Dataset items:

━━━━

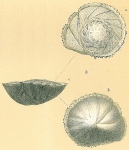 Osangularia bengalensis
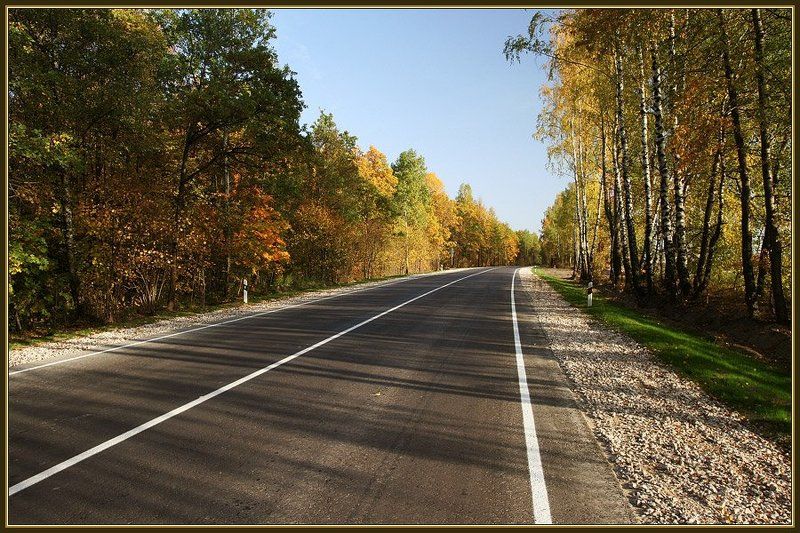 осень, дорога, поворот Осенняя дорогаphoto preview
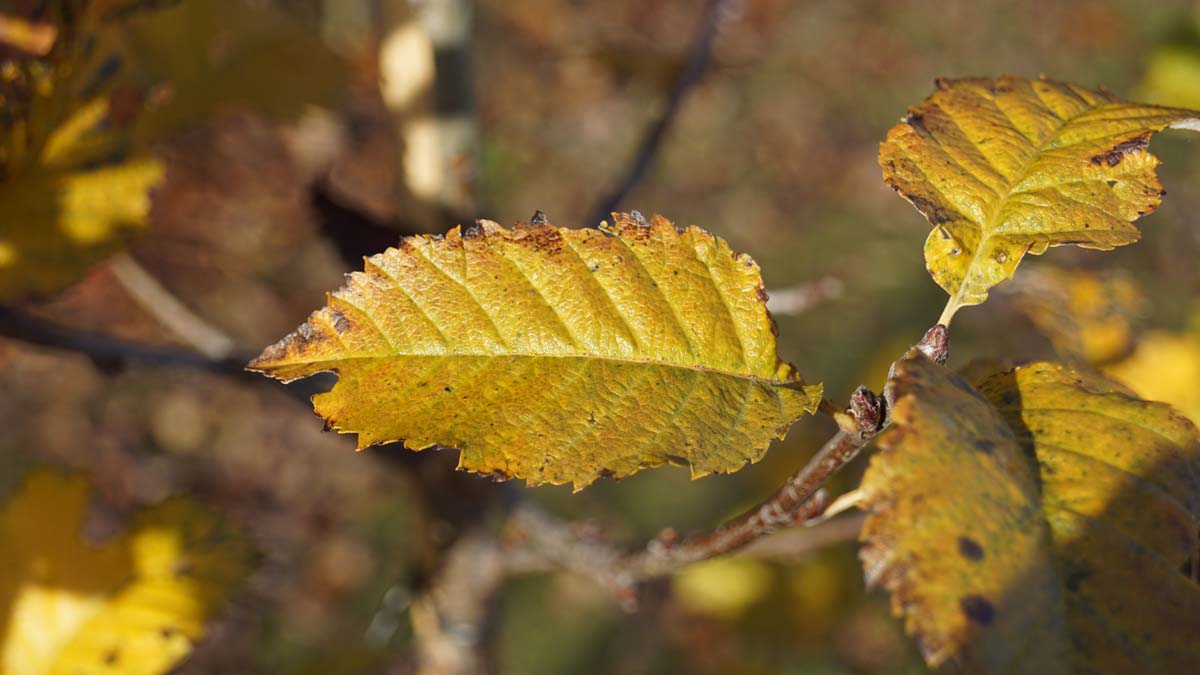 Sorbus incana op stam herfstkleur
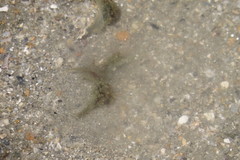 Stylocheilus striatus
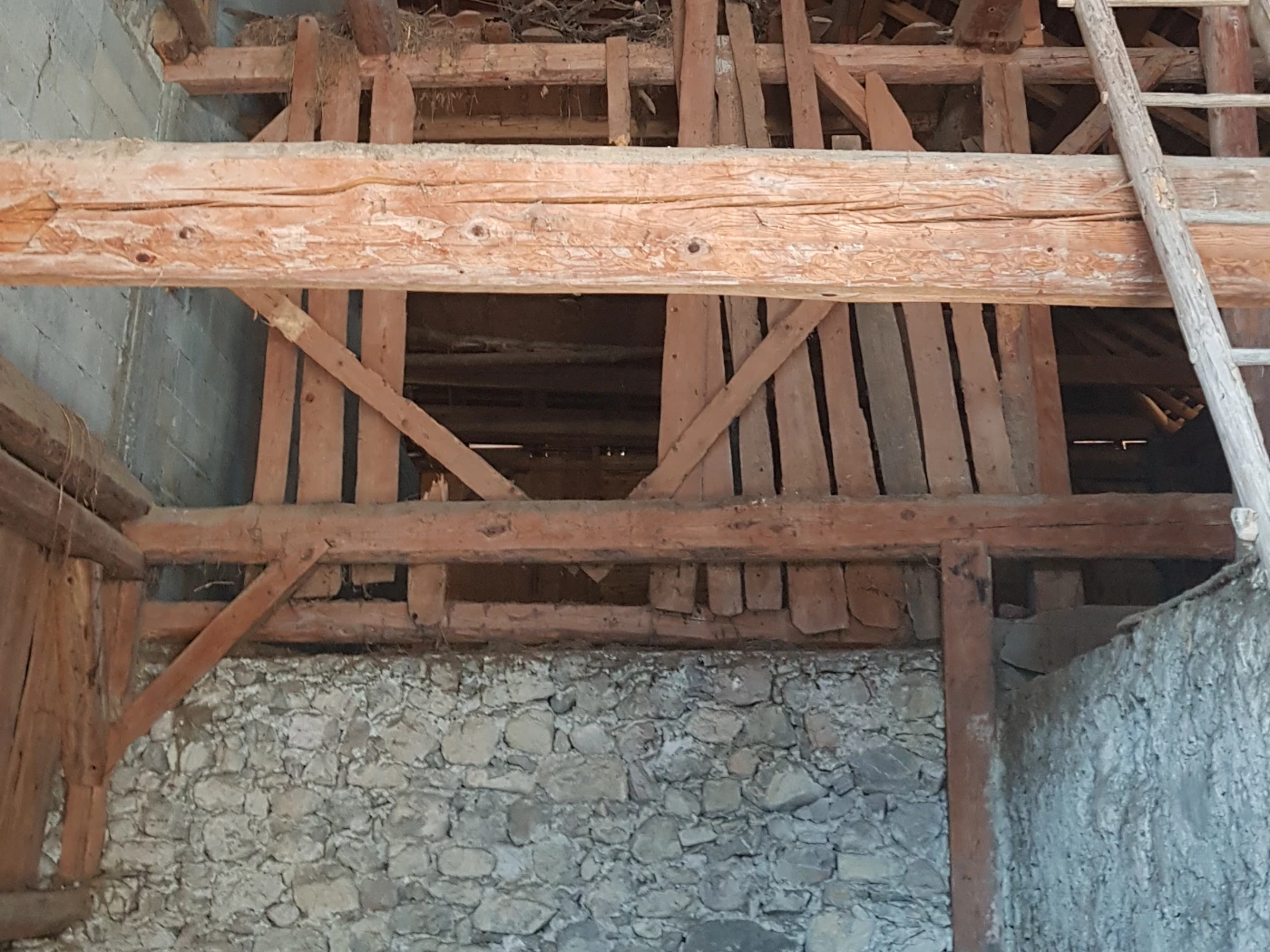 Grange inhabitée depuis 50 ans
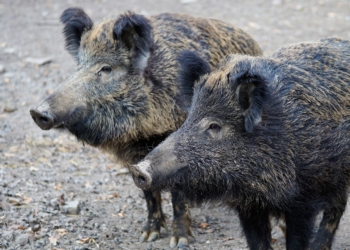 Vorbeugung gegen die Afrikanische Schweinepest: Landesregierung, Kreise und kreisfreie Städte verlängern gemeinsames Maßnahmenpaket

━━━━

__Assignment__.
Set down the entries again without change. Leave the pictures out.

__Written solution__.
 Osangularia bengalensis
 осень, дорога, поворот Осенняя дорогаphoto preview
 Sorbus incana op stam herfstkleur
 Stylocheilus striatus
 Grange inhabitée depuis 50 ans
 Vorbeugung gegen die Afrikanische Schweinepest: Landesregierung, Kreise und kreisfreie Städte verlängern gemeinsames Maßnahmenpaket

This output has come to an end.